## PROBLEM REQUIREMENTS
Give the lines of the material verbatim, from the first line to the line with "Giảm Cân Yo", including both.
-----
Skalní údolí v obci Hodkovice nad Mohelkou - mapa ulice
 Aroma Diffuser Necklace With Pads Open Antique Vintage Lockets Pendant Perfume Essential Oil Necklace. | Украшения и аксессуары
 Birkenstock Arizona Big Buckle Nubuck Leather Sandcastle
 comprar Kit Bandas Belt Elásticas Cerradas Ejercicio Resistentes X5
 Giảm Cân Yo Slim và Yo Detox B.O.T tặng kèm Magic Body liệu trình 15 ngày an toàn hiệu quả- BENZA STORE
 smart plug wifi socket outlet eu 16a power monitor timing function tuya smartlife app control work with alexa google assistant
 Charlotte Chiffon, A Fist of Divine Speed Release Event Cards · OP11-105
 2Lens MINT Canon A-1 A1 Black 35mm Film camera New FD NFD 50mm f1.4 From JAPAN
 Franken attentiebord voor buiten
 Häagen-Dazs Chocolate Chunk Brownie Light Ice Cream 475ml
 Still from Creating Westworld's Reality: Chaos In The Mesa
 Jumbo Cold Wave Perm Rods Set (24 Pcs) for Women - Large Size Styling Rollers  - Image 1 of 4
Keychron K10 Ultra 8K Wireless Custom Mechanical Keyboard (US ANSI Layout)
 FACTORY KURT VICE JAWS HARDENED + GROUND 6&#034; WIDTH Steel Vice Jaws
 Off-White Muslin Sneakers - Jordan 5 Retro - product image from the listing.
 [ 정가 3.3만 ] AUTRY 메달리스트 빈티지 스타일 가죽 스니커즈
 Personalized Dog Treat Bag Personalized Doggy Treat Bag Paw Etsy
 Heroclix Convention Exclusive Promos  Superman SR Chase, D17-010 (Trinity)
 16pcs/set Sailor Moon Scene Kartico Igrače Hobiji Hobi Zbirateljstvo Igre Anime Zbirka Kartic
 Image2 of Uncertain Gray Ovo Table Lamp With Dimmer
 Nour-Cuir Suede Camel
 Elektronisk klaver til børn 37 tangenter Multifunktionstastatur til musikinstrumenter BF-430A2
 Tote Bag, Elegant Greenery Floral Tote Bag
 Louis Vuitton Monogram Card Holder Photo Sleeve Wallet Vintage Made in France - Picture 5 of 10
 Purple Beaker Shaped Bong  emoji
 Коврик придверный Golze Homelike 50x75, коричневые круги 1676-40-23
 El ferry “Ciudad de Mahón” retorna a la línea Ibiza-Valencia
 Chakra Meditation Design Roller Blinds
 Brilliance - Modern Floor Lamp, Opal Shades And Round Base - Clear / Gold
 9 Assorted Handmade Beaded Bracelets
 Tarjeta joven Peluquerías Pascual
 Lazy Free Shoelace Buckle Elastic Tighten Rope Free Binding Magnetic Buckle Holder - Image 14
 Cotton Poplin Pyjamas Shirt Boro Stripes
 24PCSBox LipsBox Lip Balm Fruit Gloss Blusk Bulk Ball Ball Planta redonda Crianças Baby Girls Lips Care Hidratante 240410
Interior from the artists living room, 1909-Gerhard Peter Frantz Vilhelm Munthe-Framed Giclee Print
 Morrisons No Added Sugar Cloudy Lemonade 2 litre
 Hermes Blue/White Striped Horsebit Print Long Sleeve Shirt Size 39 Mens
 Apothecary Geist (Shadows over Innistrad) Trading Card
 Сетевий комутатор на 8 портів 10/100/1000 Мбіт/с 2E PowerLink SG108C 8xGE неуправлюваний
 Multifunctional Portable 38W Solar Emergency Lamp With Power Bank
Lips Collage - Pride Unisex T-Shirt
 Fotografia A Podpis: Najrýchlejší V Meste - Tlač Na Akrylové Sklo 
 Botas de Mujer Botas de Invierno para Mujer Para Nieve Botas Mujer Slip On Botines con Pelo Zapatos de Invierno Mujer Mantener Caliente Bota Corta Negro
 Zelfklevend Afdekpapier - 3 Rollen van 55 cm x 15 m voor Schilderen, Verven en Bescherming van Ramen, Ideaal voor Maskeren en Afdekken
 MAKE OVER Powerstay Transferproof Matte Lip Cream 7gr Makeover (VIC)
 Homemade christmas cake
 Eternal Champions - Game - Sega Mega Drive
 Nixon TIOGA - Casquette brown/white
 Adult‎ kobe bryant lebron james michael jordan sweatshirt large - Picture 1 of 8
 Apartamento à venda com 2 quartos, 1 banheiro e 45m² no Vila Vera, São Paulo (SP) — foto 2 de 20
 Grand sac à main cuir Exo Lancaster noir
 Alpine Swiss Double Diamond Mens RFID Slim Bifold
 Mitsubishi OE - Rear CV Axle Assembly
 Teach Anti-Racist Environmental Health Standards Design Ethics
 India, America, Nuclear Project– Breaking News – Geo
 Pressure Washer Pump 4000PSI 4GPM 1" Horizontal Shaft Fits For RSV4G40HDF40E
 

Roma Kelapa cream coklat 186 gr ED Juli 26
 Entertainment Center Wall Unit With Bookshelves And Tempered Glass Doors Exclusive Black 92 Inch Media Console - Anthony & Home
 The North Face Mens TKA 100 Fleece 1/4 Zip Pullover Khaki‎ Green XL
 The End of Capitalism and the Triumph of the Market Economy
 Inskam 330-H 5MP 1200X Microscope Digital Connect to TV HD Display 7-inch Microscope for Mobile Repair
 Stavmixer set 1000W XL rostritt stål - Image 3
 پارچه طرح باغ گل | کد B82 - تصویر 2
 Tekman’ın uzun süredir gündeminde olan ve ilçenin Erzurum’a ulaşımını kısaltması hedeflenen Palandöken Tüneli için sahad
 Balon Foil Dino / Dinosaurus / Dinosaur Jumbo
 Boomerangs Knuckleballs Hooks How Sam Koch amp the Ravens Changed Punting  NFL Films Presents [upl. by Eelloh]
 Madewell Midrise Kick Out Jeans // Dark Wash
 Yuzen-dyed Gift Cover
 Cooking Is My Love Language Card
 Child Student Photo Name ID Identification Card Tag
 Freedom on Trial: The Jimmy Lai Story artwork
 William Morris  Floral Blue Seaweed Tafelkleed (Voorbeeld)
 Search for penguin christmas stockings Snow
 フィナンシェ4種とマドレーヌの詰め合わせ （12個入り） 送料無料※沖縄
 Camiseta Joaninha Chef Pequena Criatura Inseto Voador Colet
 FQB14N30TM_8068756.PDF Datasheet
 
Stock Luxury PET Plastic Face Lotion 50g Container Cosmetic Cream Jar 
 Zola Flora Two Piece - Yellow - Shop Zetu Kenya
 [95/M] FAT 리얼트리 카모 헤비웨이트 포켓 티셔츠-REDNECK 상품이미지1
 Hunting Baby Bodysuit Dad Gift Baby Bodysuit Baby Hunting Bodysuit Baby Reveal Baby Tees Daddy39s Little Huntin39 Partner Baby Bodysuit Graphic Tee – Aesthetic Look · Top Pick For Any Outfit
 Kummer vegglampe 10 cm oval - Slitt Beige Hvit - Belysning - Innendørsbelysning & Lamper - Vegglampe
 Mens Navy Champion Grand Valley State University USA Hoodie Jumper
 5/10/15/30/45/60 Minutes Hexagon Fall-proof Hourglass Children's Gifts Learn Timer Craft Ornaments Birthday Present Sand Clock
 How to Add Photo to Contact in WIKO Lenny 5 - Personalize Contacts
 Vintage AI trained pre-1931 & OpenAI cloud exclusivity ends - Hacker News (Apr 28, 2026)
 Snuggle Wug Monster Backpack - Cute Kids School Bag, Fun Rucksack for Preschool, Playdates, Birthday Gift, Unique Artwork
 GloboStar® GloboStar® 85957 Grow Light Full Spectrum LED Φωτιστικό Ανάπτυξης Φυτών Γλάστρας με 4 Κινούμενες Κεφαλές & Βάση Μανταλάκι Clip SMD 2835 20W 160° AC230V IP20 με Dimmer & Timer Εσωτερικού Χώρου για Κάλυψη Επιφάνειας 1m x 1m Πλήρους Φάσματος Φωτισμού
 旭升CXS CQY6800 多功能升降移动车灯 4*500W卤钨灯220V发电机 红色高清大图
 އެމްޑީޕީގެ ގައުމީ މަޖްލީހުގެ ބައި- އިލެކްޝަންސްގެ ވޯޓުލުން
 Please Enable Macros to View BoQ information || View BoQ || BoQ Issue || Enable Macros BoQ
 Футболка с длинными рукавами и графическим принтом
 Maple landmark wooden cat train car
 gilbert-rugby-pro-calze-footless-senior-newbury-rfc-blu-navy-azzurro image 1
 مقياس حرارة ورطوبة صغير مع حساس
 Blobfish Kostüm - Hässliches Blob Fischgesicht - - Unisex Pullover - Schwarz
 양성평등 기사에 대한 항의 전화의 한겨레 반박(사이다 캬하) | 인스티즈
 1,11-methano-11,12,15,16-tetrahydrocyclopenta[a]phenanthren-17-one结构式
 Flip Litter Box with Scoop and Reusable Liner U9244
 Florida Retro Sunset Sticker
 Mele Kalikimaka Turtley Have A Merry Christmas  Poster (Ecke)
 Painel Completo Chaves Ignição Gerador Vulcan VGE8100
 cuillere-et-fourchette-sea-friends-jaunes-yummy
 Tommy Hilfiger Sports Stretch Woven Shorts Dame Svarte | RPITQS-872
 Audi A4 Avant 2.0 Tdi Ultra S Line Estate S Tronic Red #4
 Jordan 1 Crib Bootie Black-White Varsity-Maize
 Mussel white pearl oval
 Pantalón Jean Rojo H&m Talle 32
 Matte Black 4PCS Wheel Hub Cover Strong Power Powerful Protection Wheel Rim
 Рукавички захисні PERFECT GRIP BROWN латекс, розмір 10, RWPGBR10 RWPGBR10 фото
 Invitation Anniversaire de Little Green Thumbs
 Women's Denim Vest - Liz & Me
-----
## ANSWER SECTION
Skalní údolí v obci Hodkovice nad Mohelkou - mapa ulice
 Aroma Diffuser Necklace With Pads Open Antique Vintage Lockets Pendant Perfume Essential Oil Necklace. | Украшения и аксессуары
 Birkenstock Arizona Big Buckle Nubuck Leather Sandcastle
 comprar Kit Bandas Belt Elásticas Cerradas Ejercicio Resistentes X5
 Giảm Cân Yo Slim và Yo Detox B.O.T tặng kèm Magic Body liệu trình 15 ngày an toàn hiệu quả- BENZA STORE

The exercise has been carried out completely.